• _PROBLEM TO SOLVE_
Nothing but the lines from the one including "Sexy Sequins Hollow Back Short Bodycon Dress" through the last line of the entries, restated exactly, should appear in the answer; omit the pictures.

• _RECORDS PROVIDED_

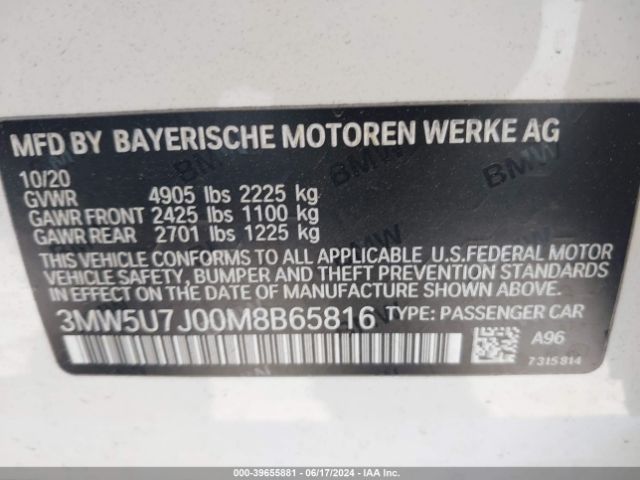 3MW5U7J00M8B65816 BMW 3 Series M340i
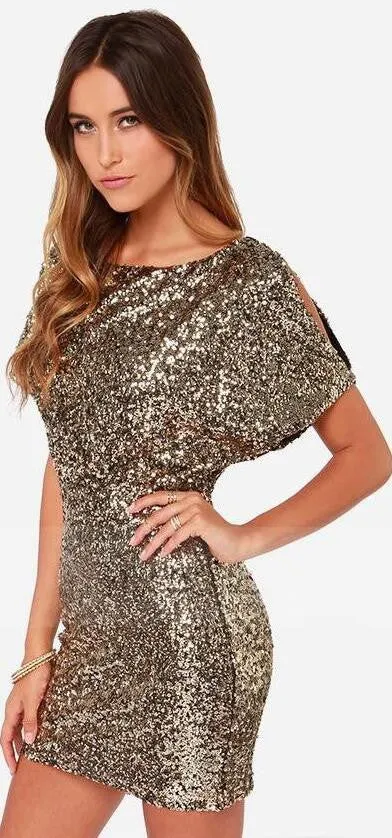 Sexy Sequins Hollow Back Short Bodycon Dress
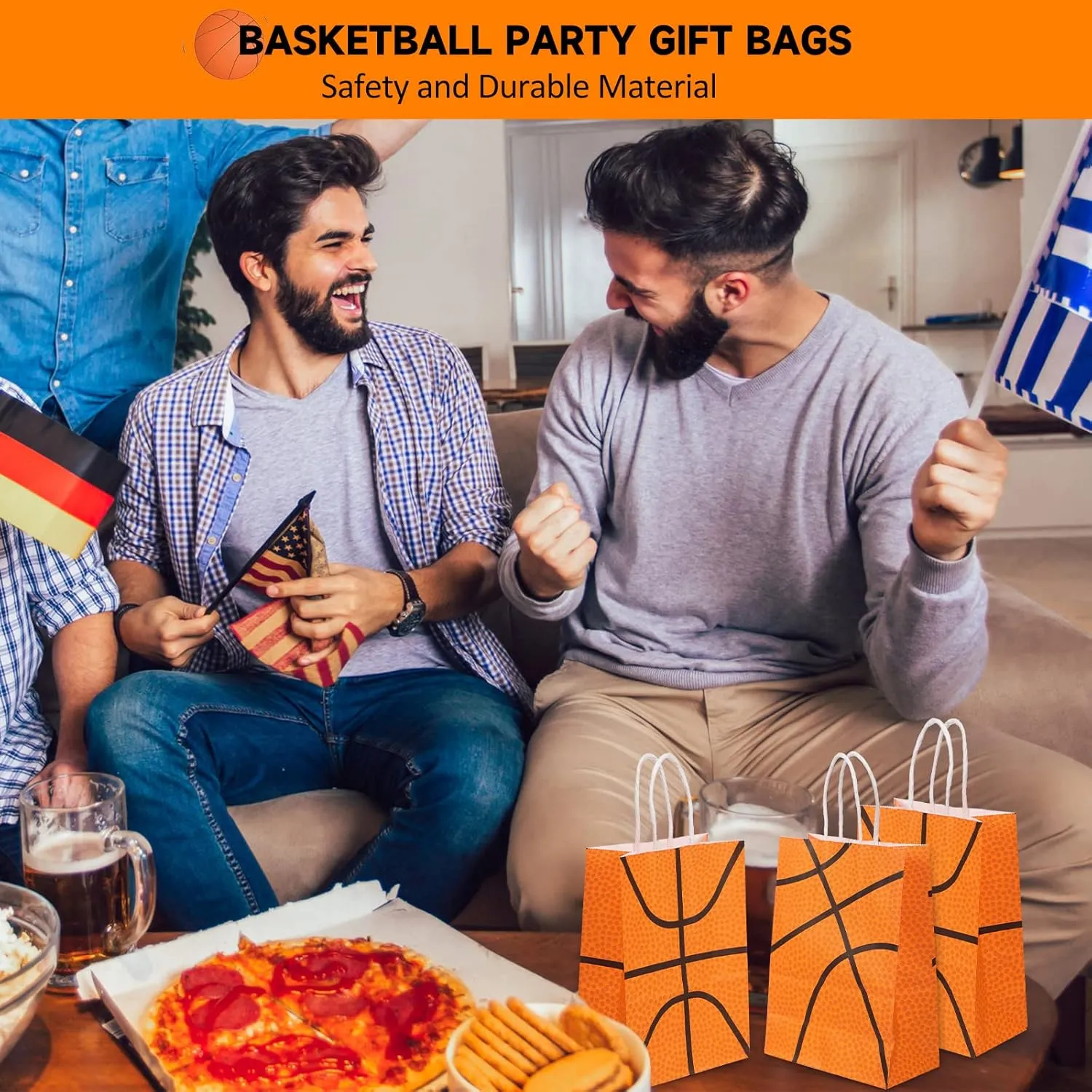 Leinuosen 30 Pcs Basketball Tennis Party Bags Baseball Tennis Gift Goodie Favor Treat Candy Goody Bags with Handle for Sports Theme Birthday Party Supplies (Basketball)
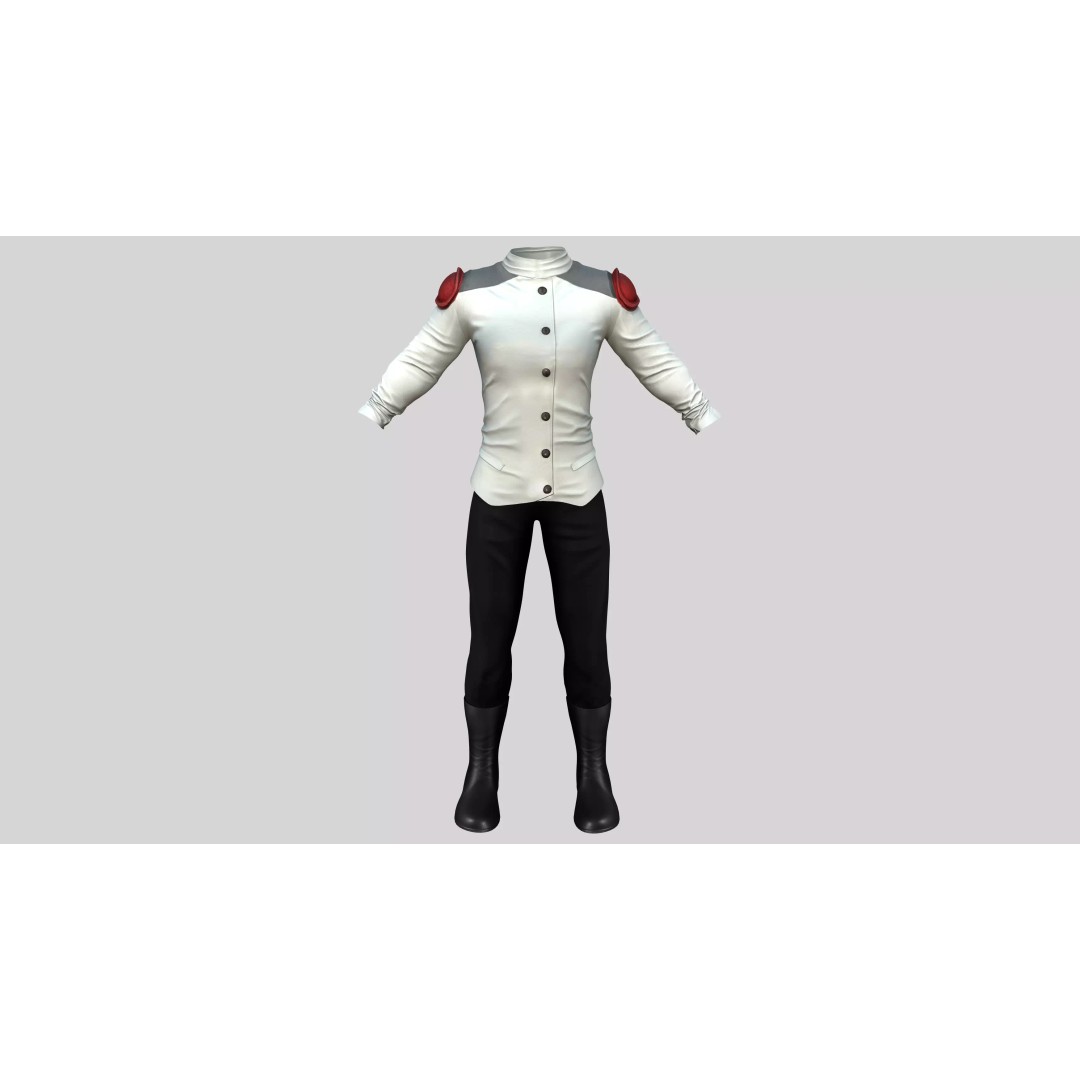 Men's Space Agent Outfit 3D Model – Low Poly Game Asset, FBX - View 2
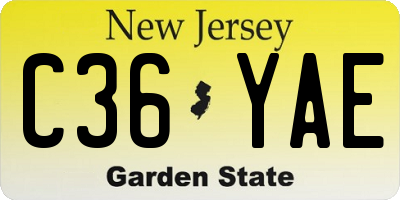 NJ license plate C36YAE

• _ANSWER SPACE_
 Sexy Sequins Hollow Back Short Bodycon Dress
 Leinuosen 30 Pcs Basketball Tennis Party Bags Baseball Tennis Gift Goodie Favor Treat Candy Goody Bags with Handle for Sports Theme Birthday Party Supplies (Basketball)
 Men's Space Agent Outfit 3D Model – Low Poly Game Asset, FBX - View 2
 NJ license plate C36YAE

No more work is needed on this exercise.